Deng, Yu, Mao, Yin, Zhang, Xiaojuan
Biochemical engineering journal 2015 v.103 pp. 256-262
DNA, Escherichia coli, aeration, batch fermentation, bioreactors, chromosomes, culture flasks, gene overexpression, genes, glucose, glycolic acid, glyoxylate cycle, homologous recombination, isocitrate dehydrogenase, isocitrate lyase, malate synthase, metabolic engineering, mixing, mutants
Glycolic acid is the smallest member of the α-hydroxy acid family.

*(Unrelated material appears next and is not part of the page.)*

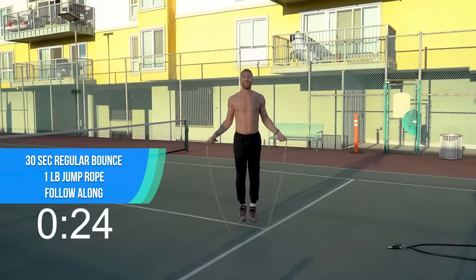Two pounds running in place, let's go. Dig in here, come on. Last 10 seconds, come on. Dig down deep. Last jump rope set before you get a minute rest. All right, let's get our final 10 push-ups and then rest.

In order to produce glycolate from glucose via the glyoxylate shunt stably, one malate synthase gene aceB in Escherichia coli BW25113 was deleted by homologous recombination; another malate synthase gene glcB was then replaced by a DNA cassette WAK harboring isocitrate lyase gene (aceA), glyoxylate reductase gene (ycdW) and isocitrate dehydrogenase kinase/phosphatase gene (aceK). The above three genes were over-expressed in the chromosome of E. coli EYX-1WAK. This strain was then transferred 20 times on M9 medium to have a mutant strain: EYX-2 with a significantly improved growth rate. The glycolate yields of EYX-2 in the shaken flasks and the 5-L bioreactor using batch fermentation strategy under 2vvm aeration and 800rpm stirring speed were 0.33g/g-glucose and 0.48g/g-glucose, respectively. The fed-batch fermentation of EYX-2 on 120g/L glucose had the highest titer of 56.44g/L with 0.52g/g-glucose yield in 120h, and this is the highest reported glycolate yield ever.